## ABOUT THIS EXERCISE:
Under this line are the records; write out word for word the part that begins at the line containing "Photo of property" and ends at the line containing "2014 CHEVROLET EXPRESS", and no more.

## RECORDS FOR PROCESSING:
=== Section Start ===

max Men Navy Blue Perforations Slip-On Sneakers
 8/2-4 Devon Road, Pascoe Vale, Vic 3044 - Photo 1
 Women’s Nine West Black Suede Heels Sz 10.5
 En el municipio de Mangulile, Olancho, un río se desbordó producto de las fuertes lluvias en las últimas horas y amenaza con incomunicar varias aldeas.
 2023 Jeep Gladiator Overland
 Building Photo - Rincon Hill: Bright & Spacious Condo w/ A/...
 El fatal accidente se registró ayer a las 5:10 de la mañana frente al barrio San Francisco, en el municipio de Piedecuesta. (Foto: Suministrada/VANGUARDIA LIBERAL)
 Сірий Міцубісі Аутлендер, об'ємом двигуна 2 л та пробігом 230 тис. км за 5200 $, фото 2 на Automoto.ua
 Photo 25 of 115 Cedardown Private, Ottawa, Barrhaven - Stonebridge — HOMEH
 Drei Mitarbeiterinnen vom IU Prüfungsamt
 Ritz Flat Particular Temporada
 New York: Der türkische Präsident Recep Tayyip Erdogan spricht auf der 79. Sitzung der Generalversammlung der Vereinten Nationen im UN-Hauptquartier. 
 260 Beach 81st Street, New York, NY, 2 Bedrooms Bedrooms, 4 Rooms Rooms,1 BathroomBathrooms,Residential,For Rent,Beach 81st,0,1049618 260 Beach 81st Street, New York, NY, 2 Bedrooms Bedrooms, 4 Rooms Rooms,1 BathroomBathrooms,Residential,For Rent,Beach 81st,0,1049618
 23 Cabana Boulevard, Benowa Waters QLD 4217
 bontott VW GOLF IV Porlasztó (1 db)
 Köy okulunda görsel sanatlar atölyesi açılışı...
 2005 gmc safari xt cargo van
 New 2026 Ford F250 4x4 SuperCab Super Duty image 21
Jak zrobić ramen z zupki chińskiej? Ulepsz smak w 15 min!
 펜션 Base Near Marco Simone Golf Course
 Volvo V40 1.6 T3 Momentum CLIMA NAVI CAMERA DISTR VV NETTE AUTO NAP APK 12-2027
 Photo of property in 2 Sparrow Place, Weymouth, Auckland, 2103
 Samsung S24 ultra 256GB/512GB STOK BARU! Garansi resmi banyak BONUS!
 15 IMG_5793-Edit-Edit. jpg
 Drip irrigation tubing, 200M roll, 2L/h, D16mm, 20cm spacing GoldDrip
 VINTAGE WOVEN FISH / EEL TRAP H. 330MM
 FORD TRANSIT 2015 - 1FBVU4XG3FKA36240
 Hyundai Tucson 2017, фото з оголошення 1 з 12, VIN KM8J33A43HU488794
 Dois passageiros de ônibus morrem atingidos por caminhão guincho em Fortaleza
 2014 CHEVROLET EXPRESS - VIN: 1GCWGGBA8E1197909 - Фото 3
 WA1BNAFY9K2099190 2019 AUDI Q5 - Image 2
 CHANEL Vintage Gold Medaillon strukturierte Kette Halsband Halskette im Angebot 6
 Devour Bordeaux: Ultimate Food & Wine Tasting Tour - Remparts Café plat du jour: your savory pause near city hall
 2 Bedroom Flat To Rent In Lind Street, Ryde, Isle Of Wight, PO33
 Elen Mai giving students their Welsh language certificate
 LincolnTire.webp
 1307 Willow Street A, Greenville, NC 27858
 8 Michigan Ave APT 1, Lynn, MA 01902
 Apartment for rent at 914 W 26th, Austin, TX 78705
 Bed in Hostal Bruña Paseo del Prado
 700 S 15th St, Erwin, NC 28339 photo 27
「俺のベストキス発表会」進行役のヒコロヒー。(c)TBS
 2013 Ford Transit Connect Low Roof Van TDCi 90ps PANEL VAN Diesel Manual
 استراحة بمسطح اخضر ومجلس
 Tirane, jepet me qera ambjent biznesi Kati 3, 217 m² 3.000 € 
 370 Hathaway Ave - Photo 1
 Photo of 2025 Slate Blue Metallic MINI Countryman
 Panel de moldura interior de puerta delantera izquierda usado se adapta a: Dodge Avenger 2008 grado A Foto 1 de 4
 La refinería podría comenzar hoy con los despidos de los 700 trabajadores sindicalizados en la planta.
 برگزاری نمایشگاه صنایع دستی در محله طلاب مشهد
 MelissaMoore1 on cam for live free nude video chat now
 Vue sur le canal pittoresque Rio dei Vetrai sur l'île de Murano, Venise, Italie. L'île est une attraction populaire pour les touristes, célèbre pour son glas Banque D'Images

=== Section End ===

## PROBLEM SOLUTION:
 Photo of property in 2 Sparrow Place, Weymouth, Auckland, 2103
 Samsung S24 ultra 256GB/512GB STOK BARU! Garansi resmi banyak BONUS!
 15 IMG_5793-Edit-Edit. jpg
 Drip irrigation tubing, 200M roll, 2L/h, D16mm, 20cm spacing GoldDrip
 VINTAGE WOVEN FISH / EEL TRAP H. 330MM
 FORD TRANSIT 2015 - 1FBVU4XG3FKA36240
 Hyundai Tucson 2017, фото з оголошення 1 з 12, VIN KM8J33A43HU488794
 Dois passageiros de ônibus morrem atingidos por caminhão guincho em Fortaleza
 2014 CHEVROLET EXPRESS - VIN: 1GCWGGBA8E1197909 - Фото 3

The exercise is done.